CLEARWATER — City officials have decided to assign two police officers to patrol East Gateway, 175 acres just east of downtown that has battled drugs, prostitution and urban decay.

At the same time, the city is seeking business owners, residents and others to serve on a task force for the area, which thousands of people pass through each day on the way to downtown Clearwater or Clearwater Beach.

The task force and increased police patrols are designed to strengthen East Gateway, which over the years has turned largely into a rental community. And they both are part of an overall plan the city has developed for revitalizing the area, which is bounded by Missouri Avenue, Drew Street, Highland Avenue and Court Street.

"We'd like to see a thriving business community, a perception of safety and security for everyone who lives or works in that area, we'd like to see a changing economic environment," and renovation of some of the buildings, said Clearwater police Chief Sid Klein.
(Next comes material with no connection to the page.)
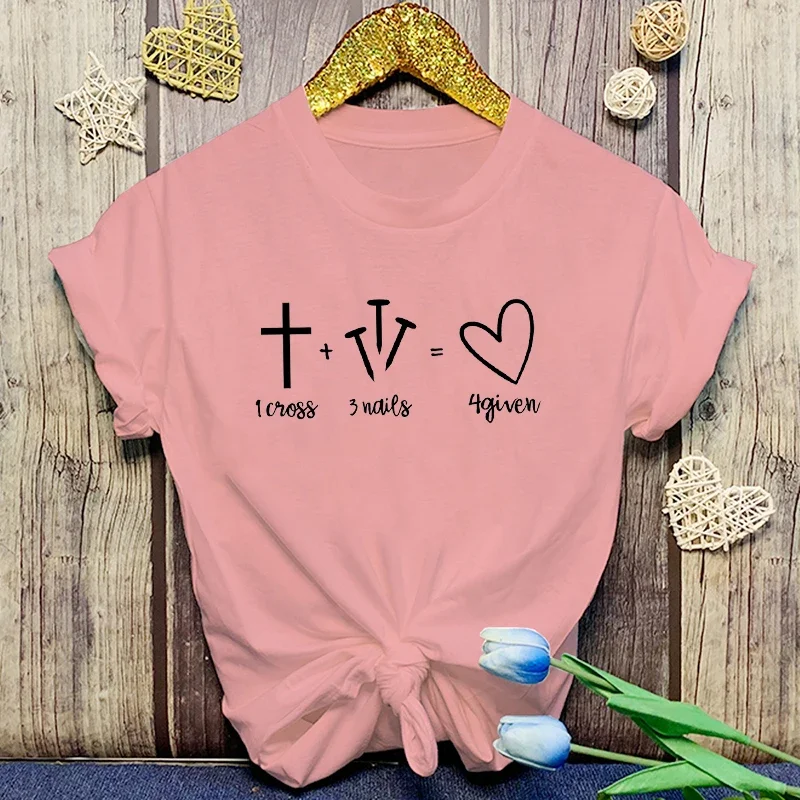 Fashion Christianity Jesus 1 Cross 3 Nails 4 Given Print T-Shirt Girl T Shirt Soft Print Top Unisex Tee Clothing Casual O-Neck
Klein said the two new officers will start in October, thanks to money from the city's Community Redevelopment Agency.

He said the officers will focus on three main missions: to "remove identified drug dealers and career criminals from the area"; to reduce prostitution; and to reduce the number of crimes committed by and against homeless people in the area.

Because of the number of Hispanic residents in the area, Klein said he would be happy if the officers are fluent in Spanish, but acknowledged, "We don't have enough officers who speak Spanish." The officers generally will patrol the area both in cars and on bicycles, and will work evening hours, getting to know the community's residents and business owners.

At La Feria de la Nieve, a store on Gulf-to-Bay Boulevard that sells helados (ice cream), and licuados (shakes), manager Victor Vega said he had not heard anything about the new officers. He said he does not understand certain things about how the police operate now — such as why it seems 10 officers swarm around anyone who gets arrested — but said he certainly has no objection to more police.

At the Wanna Save convenience mart at 1362 Cleveland St., owner Ray Abdull said additional police are bound to help. "It's more, it's better," he said.

JoAnna Siskin agrees. She is president of the nearby Skyview Neighbors association, and also is a member of a group called the East Gateway Coalition, and says it's clear the area needs help.

She said that in any part of the city, "the people who live there should be able to feel safe in their neighborhood.''

Residents who would like to serve on the East Gateway task force can find information by going to

Two officers to patrol troubled East Gateway area 09/01/08 [Last modified: Saturday, September 6, 2008 2:35pm]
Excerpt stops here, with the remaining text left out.